## Work request
From the line containing "sorties Comédie du" down to the line containing "Rockstar Original Hoodie" in the records below, reproduce every line exactly, ends included, and omit all others.

## Given information

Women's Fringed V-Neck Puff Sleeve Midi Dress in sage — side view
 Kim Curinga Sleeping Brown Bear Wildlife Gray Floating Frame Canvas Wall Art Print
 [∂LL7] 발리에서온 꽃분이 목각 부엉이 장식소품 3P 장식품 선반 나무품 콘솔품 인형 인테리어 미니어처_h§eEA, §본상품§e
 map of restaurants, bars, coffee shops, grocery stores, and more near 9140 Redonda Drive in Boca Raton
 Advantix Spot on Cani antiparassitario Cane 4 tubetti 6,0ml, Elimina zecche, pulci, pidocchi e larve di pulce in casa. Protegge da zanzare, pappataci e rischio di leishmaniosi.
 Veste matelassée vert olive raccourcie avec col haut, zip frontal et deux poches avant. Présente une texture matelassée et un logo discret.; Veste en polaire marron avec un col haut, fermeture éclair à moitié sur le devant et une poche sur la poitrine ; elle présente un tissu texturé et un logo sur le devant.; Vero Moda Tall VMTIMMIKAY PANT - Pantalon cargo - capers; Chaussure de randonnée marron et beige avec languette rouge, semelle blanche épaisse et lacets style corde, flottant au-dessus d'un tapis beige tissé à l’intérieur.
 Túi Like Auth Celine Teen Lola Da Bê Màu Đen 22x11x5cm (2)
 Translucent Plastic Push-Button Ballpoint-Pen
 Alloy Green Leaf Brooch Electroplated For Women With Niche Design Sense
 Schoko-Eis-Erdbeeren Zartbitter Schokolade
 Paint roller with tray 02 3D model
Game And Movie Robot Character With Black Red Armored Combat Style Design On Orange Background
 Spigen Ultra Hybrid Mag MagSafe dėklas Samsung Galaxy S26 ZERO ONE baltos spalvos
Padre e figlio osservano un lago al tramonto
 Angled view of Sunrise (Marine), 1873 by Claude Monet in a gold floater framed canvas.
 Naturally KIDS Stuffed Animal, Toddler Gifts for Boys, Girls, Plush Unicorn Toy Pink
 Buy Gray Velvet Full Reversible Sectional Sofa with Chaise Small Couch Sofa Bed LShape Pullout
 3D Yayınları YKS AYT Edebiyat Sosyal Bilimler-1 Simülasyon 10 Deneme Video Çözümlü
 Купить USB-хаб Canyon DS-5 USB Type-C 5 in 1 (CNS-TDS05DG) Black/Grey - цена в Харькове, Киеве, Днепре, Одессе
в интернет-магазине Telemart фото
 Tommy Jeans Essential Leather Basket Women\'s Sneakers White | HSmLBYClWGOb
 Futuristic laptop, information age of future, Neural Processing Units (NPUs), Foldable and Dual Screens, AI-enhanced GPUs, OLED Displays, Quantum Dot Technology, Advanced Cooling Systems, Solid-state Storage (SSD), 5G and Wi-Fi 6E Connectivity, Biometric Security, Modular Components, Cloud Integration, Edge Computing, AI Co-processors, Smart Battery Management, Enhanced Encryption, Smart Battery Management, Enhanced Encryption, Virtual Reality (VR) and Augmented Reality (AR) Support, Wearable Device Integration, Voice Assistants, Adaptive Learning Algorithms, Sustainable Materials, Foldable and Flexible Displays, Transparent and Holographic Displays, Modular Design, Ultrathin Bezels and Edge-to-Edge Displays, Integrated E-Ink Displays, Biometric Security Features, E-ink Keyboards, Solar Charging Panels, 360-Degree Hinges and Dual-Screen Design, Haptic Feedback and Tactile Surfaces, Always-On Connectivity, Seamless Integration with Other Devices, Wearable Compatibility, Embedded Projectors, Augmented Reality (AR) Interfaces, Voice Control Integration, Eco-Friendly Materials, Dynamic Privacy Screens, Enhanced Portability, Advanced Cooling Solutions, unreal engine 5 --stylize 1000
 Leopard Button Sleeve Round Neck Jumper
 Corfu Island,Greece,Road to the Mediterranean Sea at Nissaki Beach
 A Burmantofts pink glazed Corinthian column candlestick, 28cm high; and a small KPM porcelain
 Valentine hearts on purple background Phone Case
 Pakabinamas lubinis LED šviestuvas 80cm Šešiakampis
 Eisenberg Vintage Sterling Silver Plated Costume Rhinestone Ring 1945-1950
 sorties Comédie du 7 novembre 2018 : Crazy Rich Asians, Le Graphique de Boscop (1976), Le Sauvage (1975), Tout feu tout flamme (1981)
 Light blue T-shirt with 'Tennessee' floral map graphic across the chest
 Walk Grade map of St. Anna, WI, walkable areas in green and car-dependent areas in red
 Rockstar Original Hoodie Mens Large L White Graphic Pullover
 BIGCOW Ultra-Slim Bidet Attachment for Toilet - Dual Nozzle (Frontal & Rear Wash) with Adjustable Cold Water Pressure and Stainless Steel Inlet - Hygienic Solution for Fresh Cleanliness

## The answer
 sorties Comédie du 7 novembre 2018 : Crazy Rich Asians, Le Graphique de Boscop (1976), Le Sauvage (1975), Tout feu tout flamme (1981)
 Light blue T-shirt with 'Tennessee' floral map graphic across the chest
 Walk Grade map of St. Anna, WI, walkable areas in green and car-dependent areas in red
 Rockstar Original Hoodie Mens Large L White Graphic Pullover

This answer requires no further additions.